The abattoir, Bowood Yorkshire Lamb, was in the news the other week because four of its staff have been found guilty of causing unnecessary suffering to animals. Caught on hidden cameras, the cruelty they inflicted on live sheep had the additional effect of tarnishing the good name of Thirsk. A wealthy, friendly little market town in Yorkshire’s North Riding, Thirsk is otherwise best known as the home and literary inspiration of James Herriot, the well-known and well-loved vet whose books about his work spawned the television adaptation All Creatures Great and Small.
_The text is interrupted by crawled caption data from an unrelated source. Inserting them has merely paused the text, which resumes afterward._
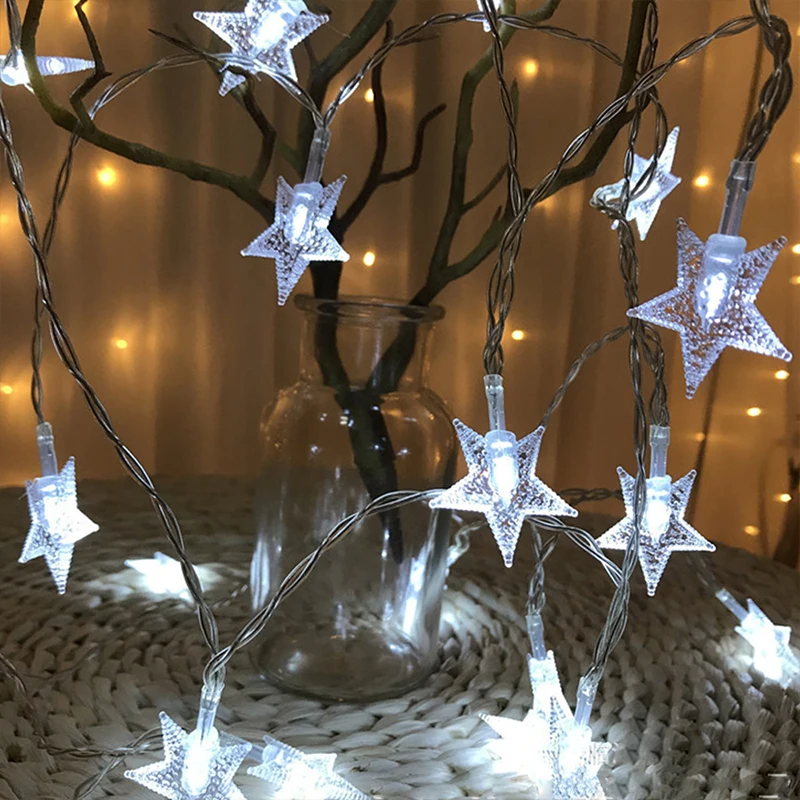10 м 100LED 220 В Рождество Снежинка Звездный шар Гирлянды 6 м 40LED Батарея Вспышка Фея легкие гирлянды для свадьбы декор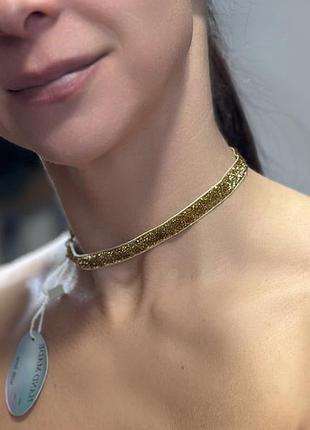 Чокер на шию, колір золото, hand made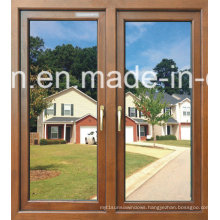 Powder Coated Wooden Color Aluminum Double Glass Window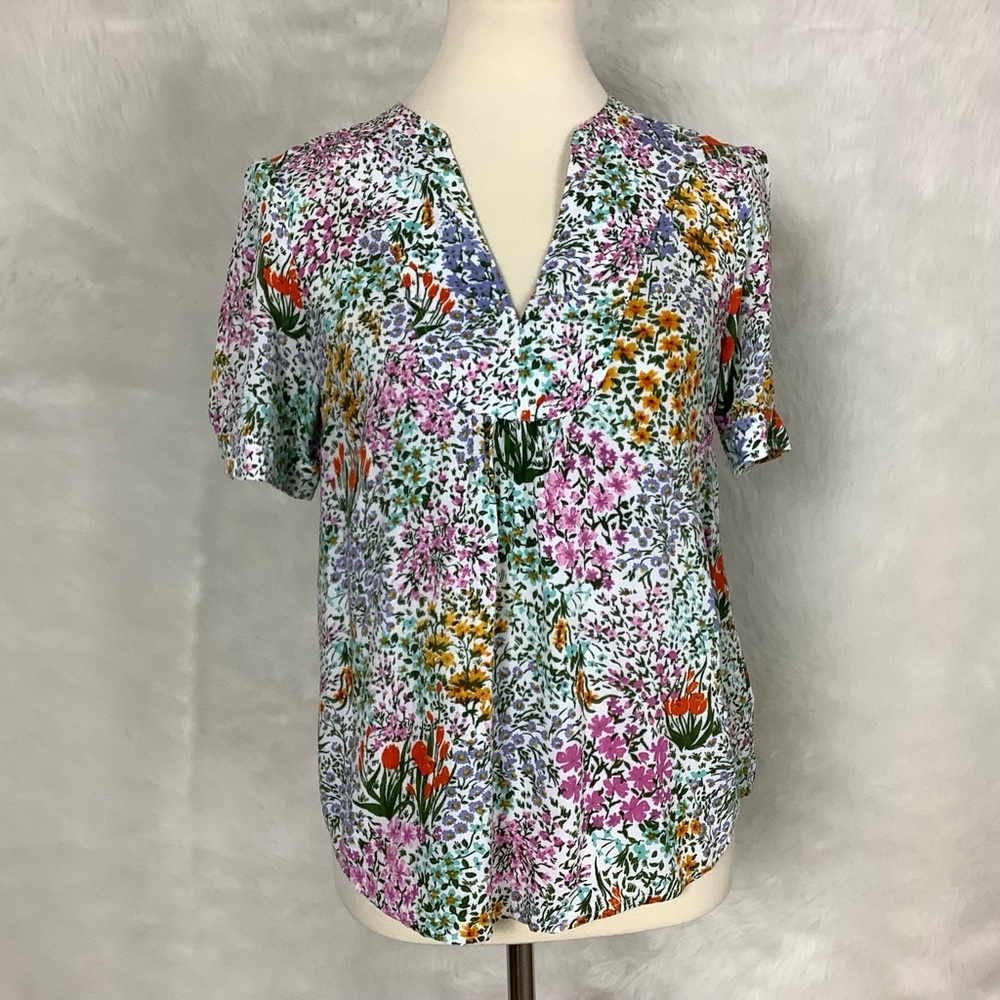 Anthropologie Floral Print Short Sleeve Blouse in White, Pink, Orange, Green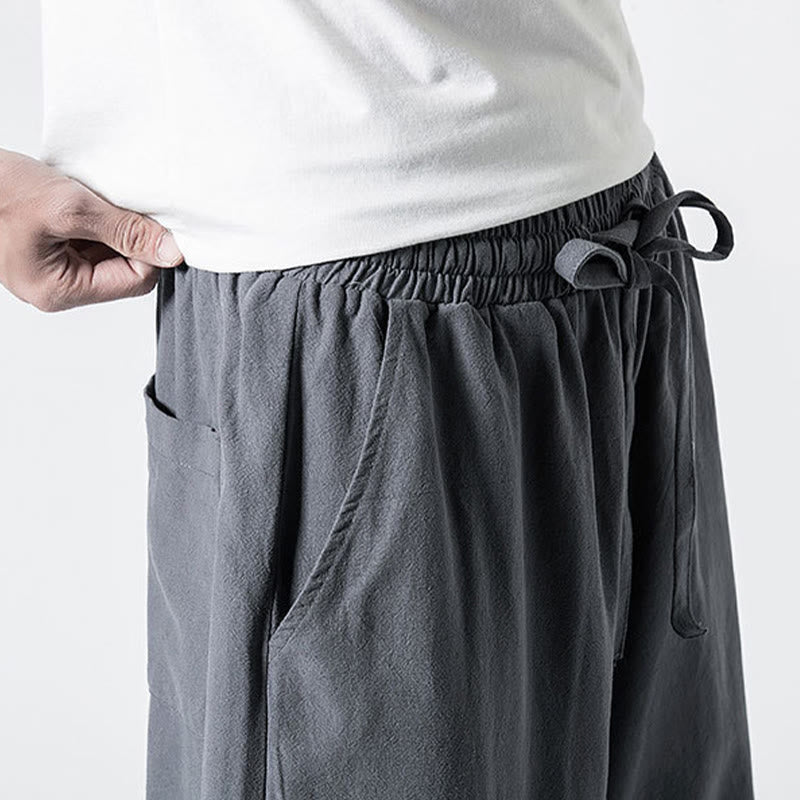 Nimara Ritual Drawstring Elastic Waist Ankle-Length Men's Cotton Pants With Pockets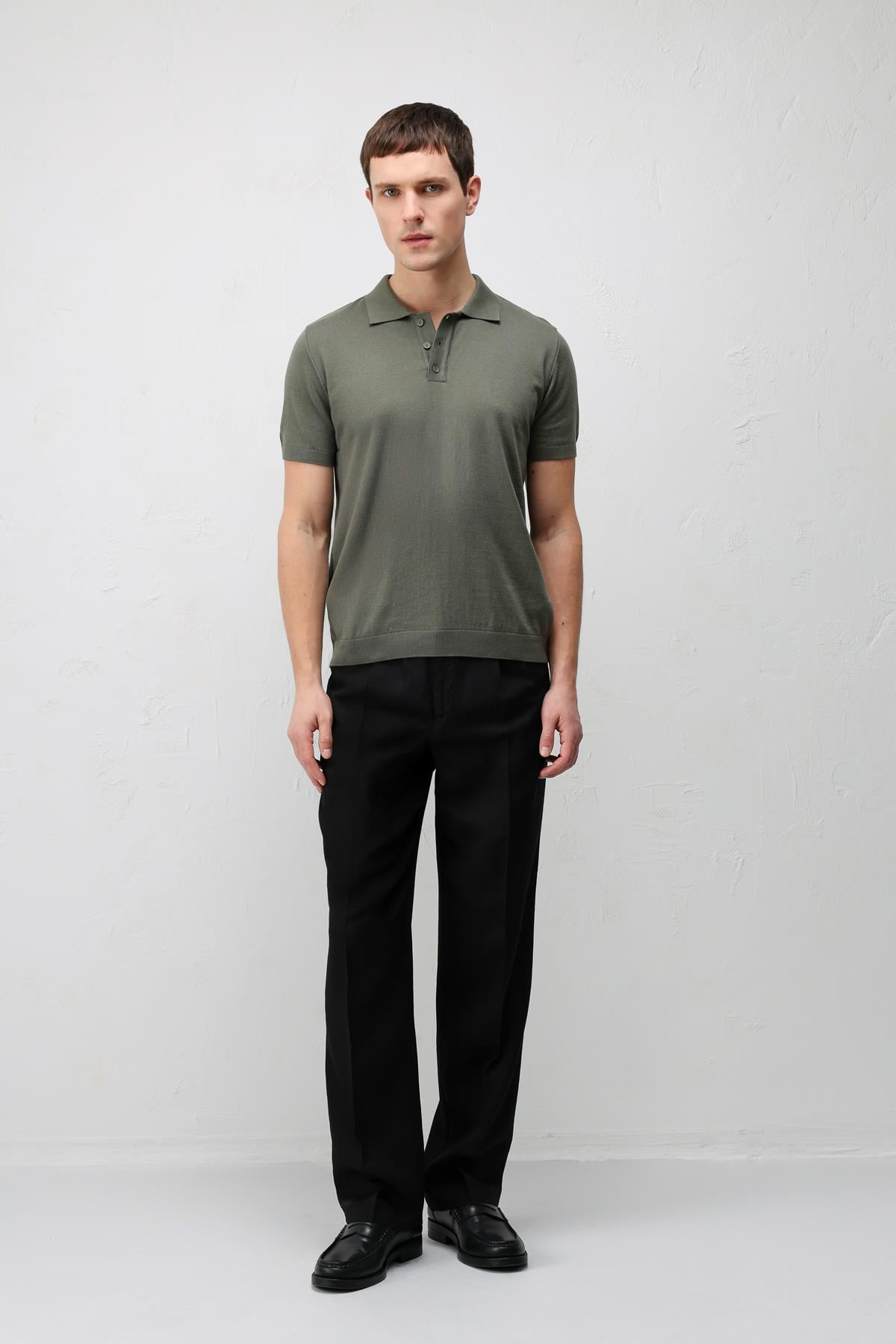 Antioch Haki Comfort Slim Polo Yaka Erkek Triko T-Shirt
This makes it the official town of gently delivering baby lambs into the world, yet Thirsk is now associated with gruesomely wresting those same sheep back out of existence. Entry-level take: how awful. And ironic. Selina Scott’s take, outlined in a letter to The Times: Thirsk should “hang its head in shame” for harbouring a non-stun abattoir while promoting Herriot’s work.
This seems pretty unfair. Thirsk residents seem to be pretty unanimously appalled, and a number protested outside the abattoir when they found out what was going on inside. “What would James Herriot think of this?!” one woman was reported to have shouted.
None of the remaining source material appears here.